Let me summarize: Prof Nicodemus comes at night to see Jesus. Jesus says things that confounds his intellect, but invites him to be part of a New Creation by being born again. Professor Nicodemus responds by becoming a follower, enters into Jesus suffering, God’s Ground Zero, and gives extravagantly, as a sign of his New life in Jesus.
Where is your Ground Zero? Where are your fractures today? How shall we name them? We can be trapped in our Ground Zeros, or that place of loss and exile can be our starting point. There is an aroma spreading about in that dark lonely place of desolation. It’s all about the aroma, the aroma of Life, in the stenches of death in our Ground Zero lives. Prof. Nicodemus’s anointing would have been mixed with Mary’s wedding nard that Jesus was anointed in Bethany with, before his entry into Jerusalem to suffer. What we anoint Jesus with, sacrificially giving what we have in faith, and sometimes even endangering our reputations, or even at the cost of our lives, will be carried forward, beyond the grave, multiplied in the New Creation.
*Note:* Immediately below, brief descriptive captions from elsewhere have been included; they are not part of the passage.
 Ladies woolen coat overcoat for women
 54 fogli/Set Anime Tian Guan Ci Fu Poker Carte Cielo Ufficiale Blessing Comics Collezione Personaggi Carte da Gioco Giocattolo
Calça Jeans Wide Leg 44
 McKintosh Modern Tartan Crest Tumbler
Jesus said so himself upon Mary’s anointing of him with her extravagant wedding nard in Mark 14: Jesus commends her - “She has done a beautiful thing to me. ...Truly I tell you, wherever the gospel is preached throughout the world, what she has done will also be told, in memory of her.” Is “the Cosmos is all there is or was or ever will be.’? No! The New breaks in through the fractures of the old! The Aroma of the New always accompanies the gospel of the good news.
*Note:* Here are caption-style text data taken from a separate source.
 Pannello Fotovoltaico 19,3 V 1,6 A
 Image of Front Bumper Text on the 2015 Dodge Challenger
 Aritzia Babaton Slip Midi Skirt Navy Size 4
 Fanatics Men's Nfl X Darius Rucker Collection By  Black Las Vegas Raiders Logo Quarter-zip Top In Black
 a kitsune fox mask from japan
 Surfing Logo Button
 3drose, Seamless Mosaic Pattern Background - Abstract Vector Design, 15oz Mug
The New will be full of our sacrifices to honor Christ’s presence, by creating Beauty and providing Mercy, to bring Justice into a broken system. For some of us, that may cost about a hundred pounds of myrrh and aloes, despite the despair around us, or inside of us, as we decide to give extravagantly instead of being fearful and holding back to break the Cosmos wide open.
The New breaks in through the fractures of the old.
Through Jesus’s suffering and death, Prof Nicodemus would have experienced Isaiah’s words that he knows so well, “by His Wounds we are healed”. Jesus, the true Kintsugi Master, mends through our wounds, and pours gold into our fractures to make us beautiful. Isaiah states it this way, “Beauty instead of ashes” (Isaiah 61:3), “the oil of gladness instead of mourning, the garment of praise instead of a spirit of despair”.